Ho già parlato varie volte su questo blog di Wilkie Collins, padre della sensational novel (o sensational fiction, se si preferisce), il quale ha abituato i suoi lettori al rapporto con i suoi classici “tomoni” (se volete saperne di più, cliccate qui!) – come si suol dire – velati dalla somma tra le componenti del mistero, dell’indagine poliziesca e del gotico. Ebbene, con Vita di un furfante, un romanzo breve – molto breve, se si pensa alla produzione più nota dell’autore – Collins ci fa compiere un viaggio letterario piuttosto diverso da quelli a cui è sempre stato più affine.

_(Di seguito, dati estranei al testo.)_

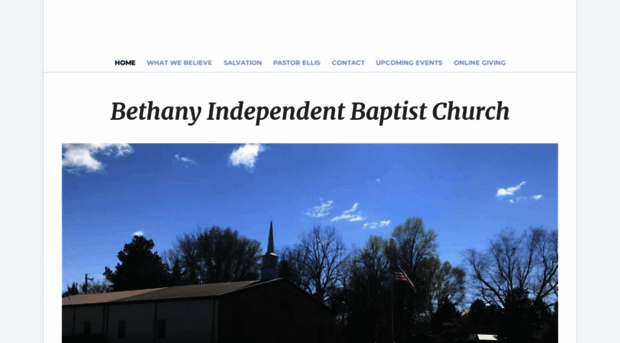 bethanyindependentbaptist.com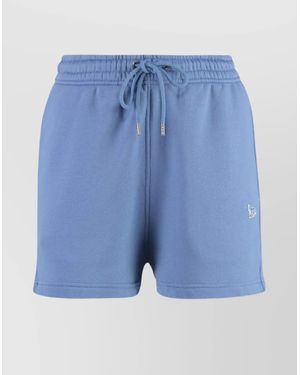 Maison Kitsuné Cotton Shorts - Blue
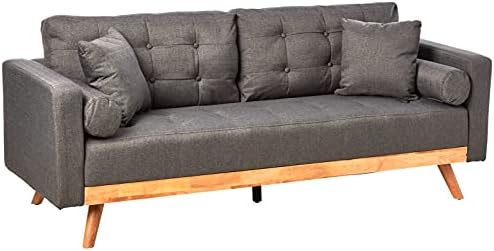 Divano Roma Furniture Madison Sofas, Dark Grey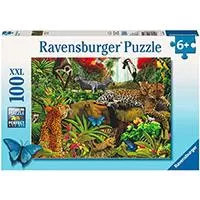 Kliknite za detalje - Ravensburger puzzle Dečije puzle - XXL - Životinje - Divlje životinje - Wild Jungle  100 delova RA10781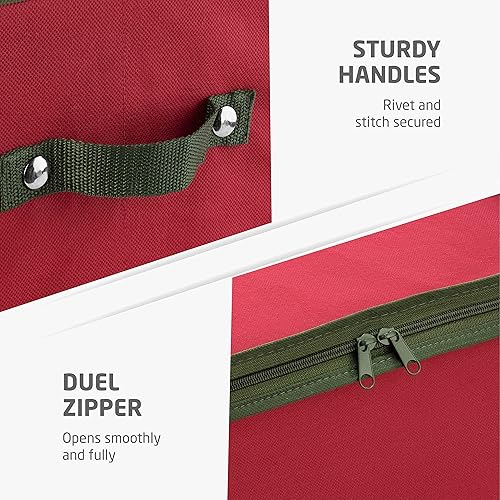 Vista 44 de ZOBER - Caja grande para guardar adornos navideños, con capacidad para 54 adornos y separadores, recipientes de tela no tejida y duraderos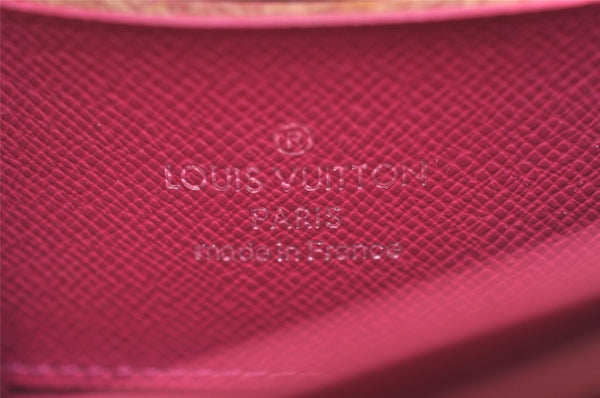 Authentic Louis Vuitton Epi Zippy Coin Purse Case Purple M6015K LV 6687J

La narrazione, infatti, inizialmente appare quasi goliardica, possiede uno spirito frizzante e assai differente da quello che, ad esempio, caratterizza storie come La donna in bianco o La follia dei Monkton, nelle quali aleggia costante una cappa di mistero e ricerca. Il protagonista di Vita di un furfante, Frank Softly, è un giovinotto che cerca di destreggiarsi tra una professione e l’altra – molte delle quali hanno a che fare con l’arte – fino a quando non resterà, suo malgrado, invischiato all’interno di un’associazione criminale i cui traffici lo condurranno su strade ben poco consigliabili. Non contento, Collins, inserisce nella narrazione anche un’infelicità amorosa subìta dal nostro sventurato protagonista, anche a causa della sua trasformazione in provetto furfante. Basteranno la redenzione di Frank Softly e la penna di Wilkie Collins a favorire positivamente questo personaggio in costante bilico tra l’eroe e l’antieroe?

Prima di lasciarvi alla scoperta della risposta a questo quesito (che, ovviamente, troverete solo dopo aver letto il romanzo!), ci tenevo a sottolineare una simpatica connessione che mi è balzata agli occhi mentre leggevo Vita di un furfante. Nel capitolo V, infatti, l’autore fa cenno ai Vecchi Maestri, intesi come grandi artisti del passato che posso interessare papabili compratori di opere di valore; tra queste righe mi sono balzate alla vista due frasi, in particolare: Il cuore – ci crederete – mi balzò in petto. Avevo riconosciuto l’incantevole creatura che avevo seguito in istrada e Mentre facevo l’inchino, sentivo di trascolorare. Se nella prima frase si scorge un’eco dantesca (è impossibile non pensare al noto sonetto che celebra l’incontro tra Dante e Beatrice – Tanto gentile e tanto onesta pare), nella seconda il ricordo vola a Francesco Petrarca e alla sua Era ‘l giorno che al sol si scoloraro.

Insomma, due cammei di Vecchi Maestri inseriti nel contesto perfetto. E, conoscendo l’arguzia di Collins, credo proprio che tale collegamento non sia stato affatto casuale.